Mehdi Jomaa a, par ailleurs, pointé du doigt les politiciens au pouvoir de ces 5 dernières années (depuis les élections de 2014, ndlr), les considérant comme les principaux responsables de cet échec économique et déplorant leurs discours «pompeux et irresponsables», ainsi que leur volonté de demeurer au pouvoir, en se présentant aux élections de 2019.

La situation économique actuelle est donc la raison principale pour laquelle il se présente à la présidentielle, a-t-il avancé. Avant d’ajouter que l’autre motif important émane de l’expérience qu’il a acquise lorsqu’il a exercé les fonctions de chef du gouvernement en 2014, estimant que celle-ci est nécessaire pour aspirer à devenir président, taclant, par la même occasion, ses concurrents qui n’ont pas eu cette chance auparavant, à l’exception de Hamadi Jebali et Yussef Chahed, qui ont passé plus de temps que lui au Palais de la Kasbah, siège de la primature.

La sécurité, la technologie, la dignité citoyenne et le libéralisme économique sont au cœur du programme présidentiel de Jomaa

Le programme présidentiel de Mehdi Jomaa s’articule, quant à lui, autour de 3 axes. Le premier est la souveraineté nationale. Cela concerne toute forme de sécurité de la nation, qu’elle soit militaire, alimentaire, écologique ou économique, et implique la préservation des frontières tunisiennes, de nos richesses agricoles, de nos écosystèmes, notre faune et notre flore, du pouvoir d’achat et de la monnaie nationale. L’objectif étant d’avoir un Etat juste, fort et implacable quant au respect de la loi par et pour tous.

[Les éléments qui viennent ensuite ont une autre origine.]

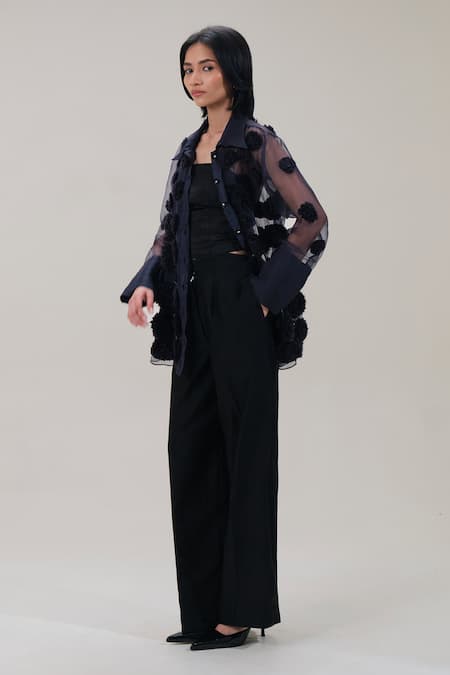 The Right Cut_Black Chanderi Trouser _Online_at_Aza_Fashions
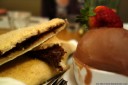 chocolate marshmallow pizza with chocolate gelato at embers, richmond nsw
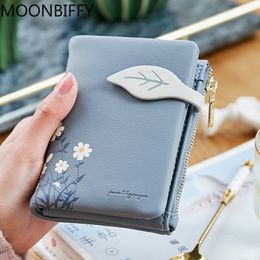 Wallet for Girls Student Coin Purse Leaf Pattern Hasp Ladies Purse Soft PU Leather Small Short Wallets Female Zipper Money Bag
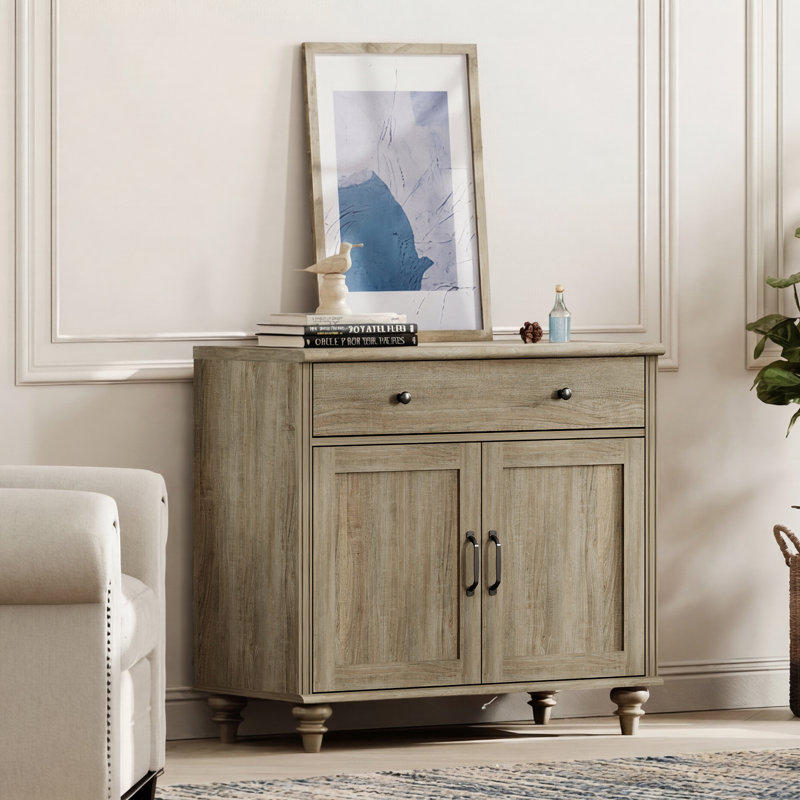 Table de bout Farmhouse avec tiroir et portes, pour chambre à coucher ou salon, gris délavé, Gris délavé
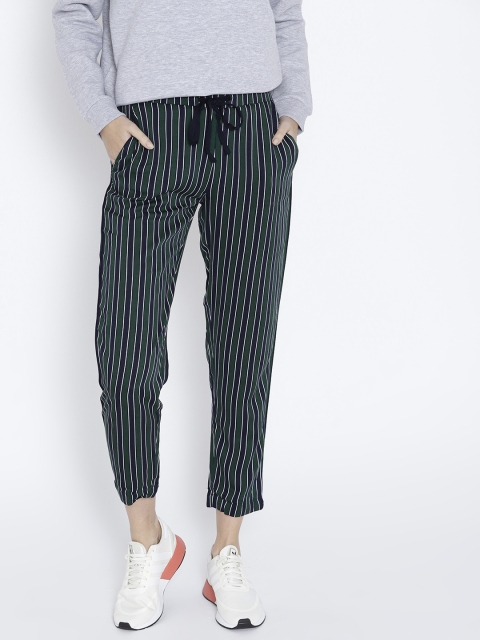 

MANGO Women Navy Blue & Green Regular Fit Striped Trousers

Le deuxième axe concerne les enjeux nationaux et internationaux. «Le monde est en pleines mutations, technologiques avec les ramifications de la révolution numérique, et géostratégiques avec la modification et la volatilité des équilibres. La Tunisie se doit de préserver ses intérêts nationaux tout en s’inscrivant dans cette nouvelle marche du monde», lit-on dans le dossier de presse relatif à la conférence de presse.

Afin de saisir les opportunités qu’offre cette nouvelle révolution technologique, Mehdi Jomaa estime que nous avons l’obligation de nous y adapter rapidement et de nous orienter vers une économie «de la connaissance et du savoir». Cela donnerait naturellement lieu à de grands chantiers de réformes structurelles et nécessiterait une diplomatie internationale au service de ces intérêts stratégiques nationaux. Et c’est justement ce que promet l’ingénieur de formation.

Le troisième axe est l’unité nationale. Celle-ci serait d’abord fondée sur le respect des libertés, notamment de créer, inventer et entreprendre. «Des libertés qui se trouvent aujourd’hui entravées par la culture de notre Etat contrôleur», a regretté M. Jomaa, qui propose de mettre en place un «Etat stratège».

Cette unité nationale est également tributaire de la dignité des citoyens, selon le candidat à la présidentielle. Une dignité qu’il considère actuellement «bafouée», d’où la nécessité pour l’Etat de «créer un environnement d’équité sociale et de mettre en place des politiques sociales actives et viables». À cet effet, parmi les réformes prioritaires que M. Jomaa promet de mettre en avant, il y a celle du régime foncier, et ce conformément à la constitution qui garantit l’accès à la propriété.

Le nouveau pacte social préconisé par Mehdi Jomaa comporte aussi des réformes de la justice et de l’orde : «Lorsque la dignité sera recouvrée et que la justice sera rendue avec célérité et équité, l’ordre public sera bien plus facile à assurer».

Mehdi Jomaa s’est, par ailleurs, engagé à mettre en place 10 mesures précises en cas de victoire à la présidentielle : exploiter la technologie moderne pour renforcer la sécurité et diminuer le taux de criminalité, abolir les lois bloquant l’investissement numérique, entreprendre les négociations diplomatiques afin d’assouplir les lois relatives à l’attribution de visas pour l’Europe, garantir les droits des retraités dans les secteurs public et privé, interdire les écoles privées dans l’enseignement primaire et de base, annuler le fonds d’indemnisation, rétablir la situation immobilière des habitants des quartiers populaires, créer 100.000 emplois, assouplir le contrôle fiscal tout en privilégiant une administration moderne et annuler les licences de travail préalables.

Né le 12 avril 1962 à Mahdia, Mehdi Jomaa est marié et père de 5 enfants. Il a obtenu son diplôme d’ingénieur principal de l’École nationale d’ingénieurs de Tunis (Enit) en 1988, suivi d’un DEA en mécanique, calcul et modélisation des structures, en 1989. Il a, par ailleurs, suivi plusieurs formations en management dont un business skills developement en 2007 et en business plan, stratégie et marketing en 2009.